Howard had spent the preceding month on a whirlwind set of business trips. He’d come home exhausted and with the knowledge that it was time for him to be done working in that corporate environment. I knew it was past time. I’d watched him stretch himself thinner and thinner trying to keep his product going by sheer force of will. The company kept asking him to accomplish more while simultaneously removing resources. It was killing him and I could see it. I was so glad when he prayed and realized it was time for him to leave. I’d been praying for years that the time would come.
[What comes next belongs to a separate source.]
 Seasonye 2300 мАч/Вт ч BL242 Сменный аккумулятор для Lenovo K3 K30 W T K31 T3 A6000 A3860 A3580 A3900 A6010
Howard announced his intention to leave and it was astonishing how quickly it came to pass. Within two days everything was tied up and he was done. He had a hard time saying goodbye to his work friends. He had an even harder time packing up his office. Eleven years of commitment and emotional effort had gone into Novell. Howard was besieged by doubts and fears. I was not. I kept calmly assuring him that everything would be okay; that the decision was the right one. He came home on that last day and it was as if a weight had lifted from his shoulders. He was happy, but wrung out.
Then next day was when I felt fear. I was suddenly very aware of the bills I would have to pay and the complete lack of income to pay them. There is no severance for people who leave of their own volition. We had savings. It would last us about three months. I remember laying on the couch and feeling the house all around me as if it was a physical weight that I somehow had to carry. I was so scared. It was scary to sit down with the kids and explain to them how our income had changed and what that meant for them. I cried with them that we could no longer afford chicken nuggets. That day it was Howard’s turn to reassure me that everything would be okay.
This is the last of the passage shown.